### What you should do
Repeat exactly the lines that begin at the one containing "Building Photo - 3871 McGill Ln" and end at the final line of the records; include no pictures and nothing else.

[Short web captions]
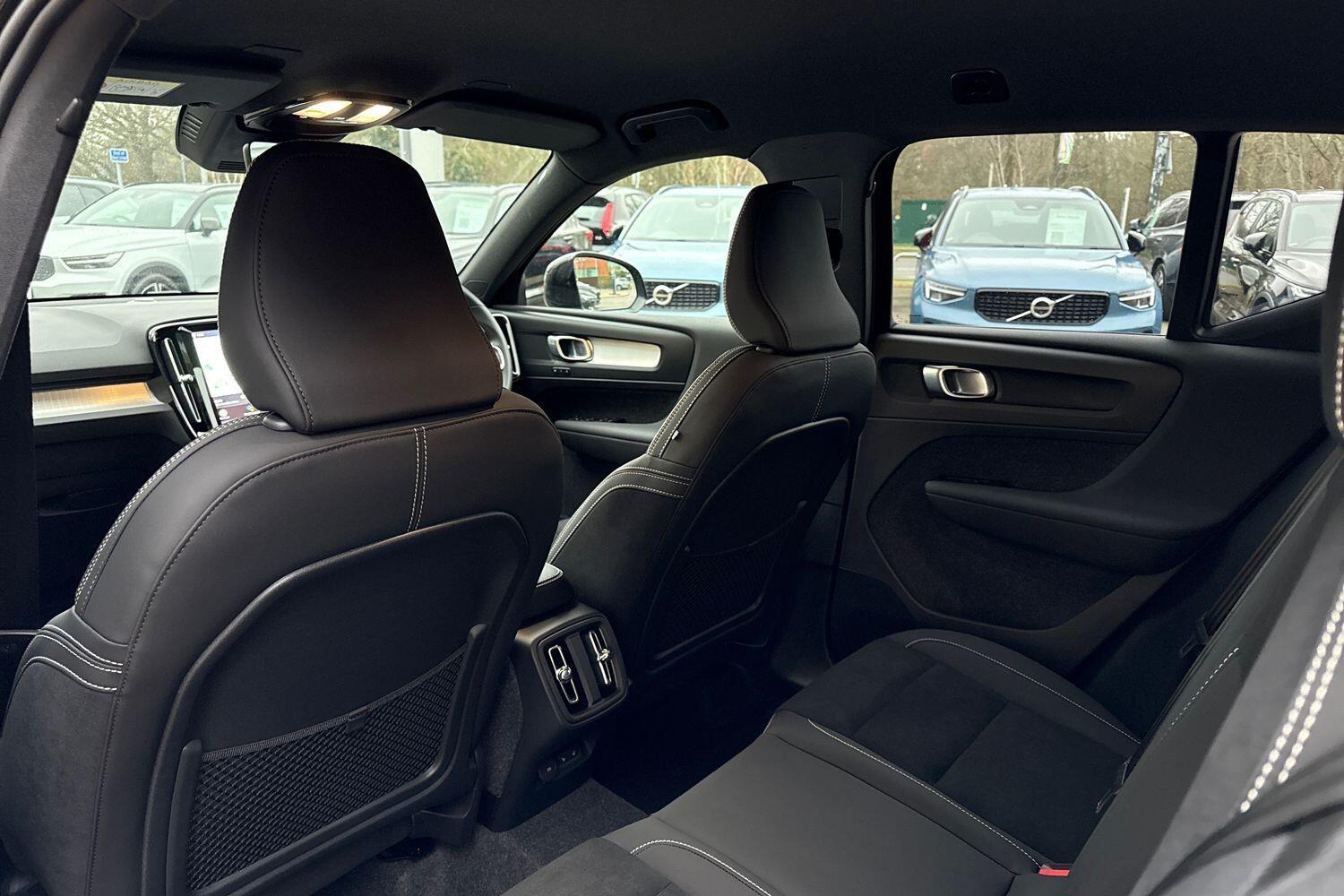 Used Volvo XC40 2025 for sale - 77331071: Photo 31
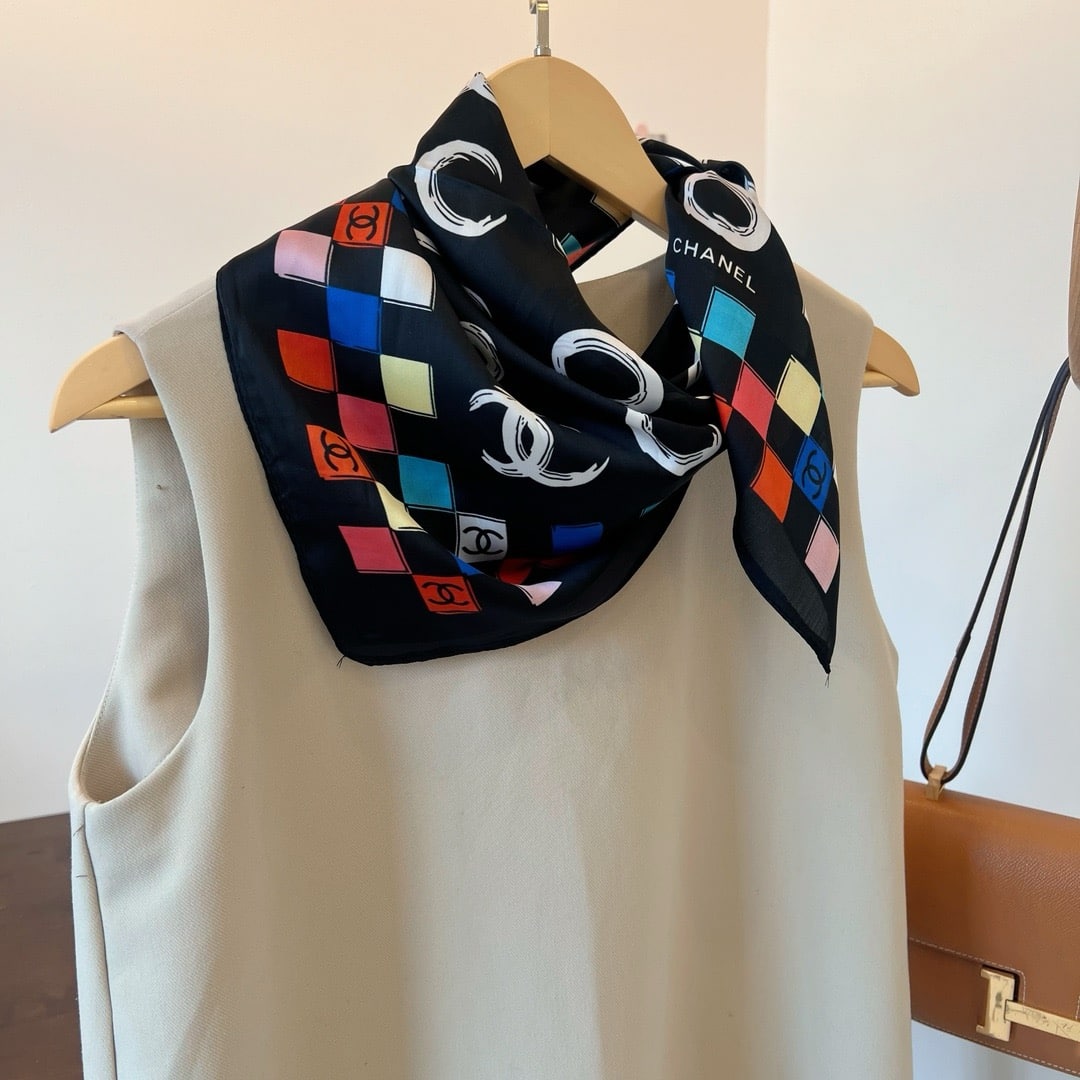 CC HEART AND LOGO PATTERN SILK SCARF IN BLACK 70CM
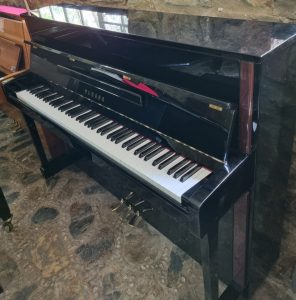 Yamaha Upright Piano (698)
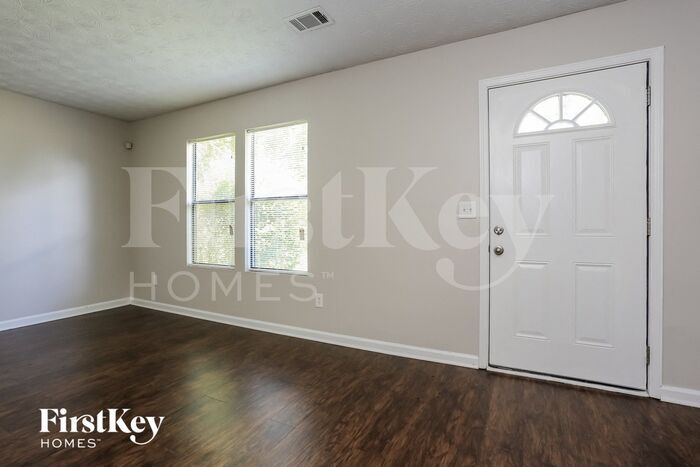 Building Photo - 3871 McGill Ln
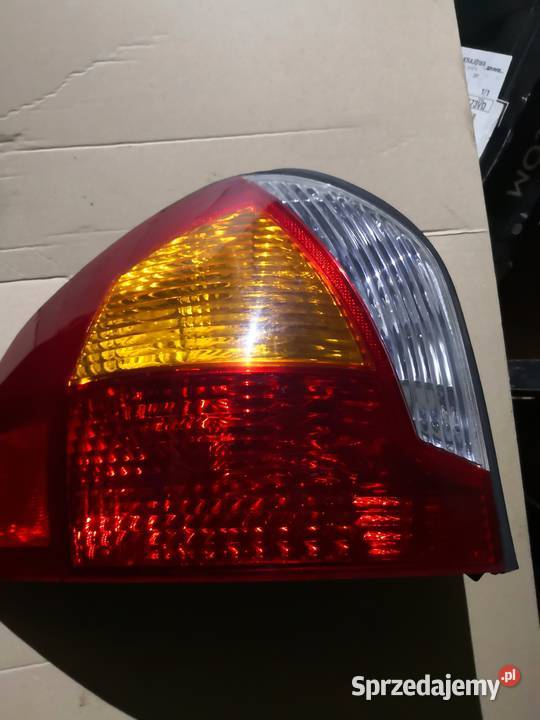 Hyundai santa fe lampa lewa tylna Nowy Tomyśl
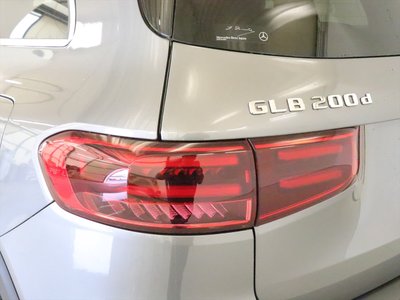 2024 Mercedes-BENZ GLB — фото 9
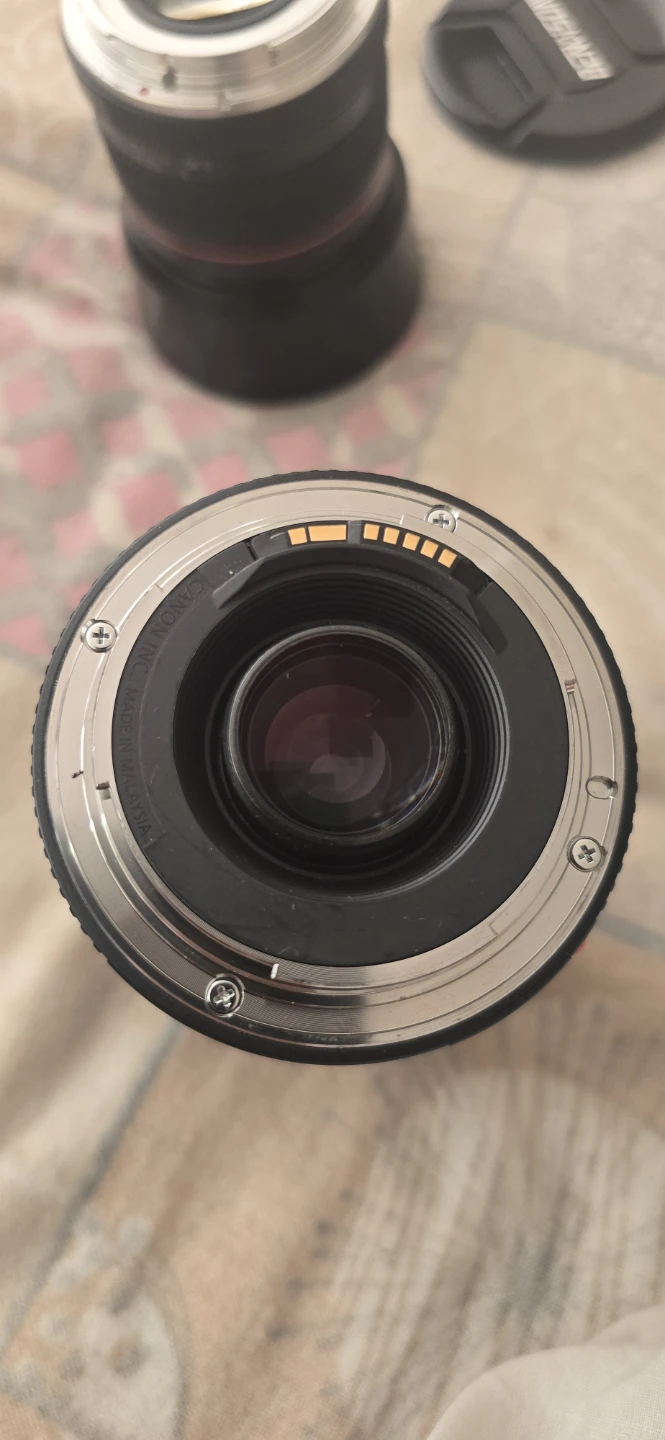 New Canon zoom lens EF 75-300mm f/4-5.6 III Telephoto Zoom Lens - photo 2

### Task output
 Building Photo - 3871 McGill Ln
 Hyundai santa fe lampa lewa tylna Nowy Tomyśl
 2024 Mercedes-BENZ GLB — фото 9
 New Canon zoom lens EF 75-300mm f/4-5.6 III Telephoto Zoom Lens - photo 2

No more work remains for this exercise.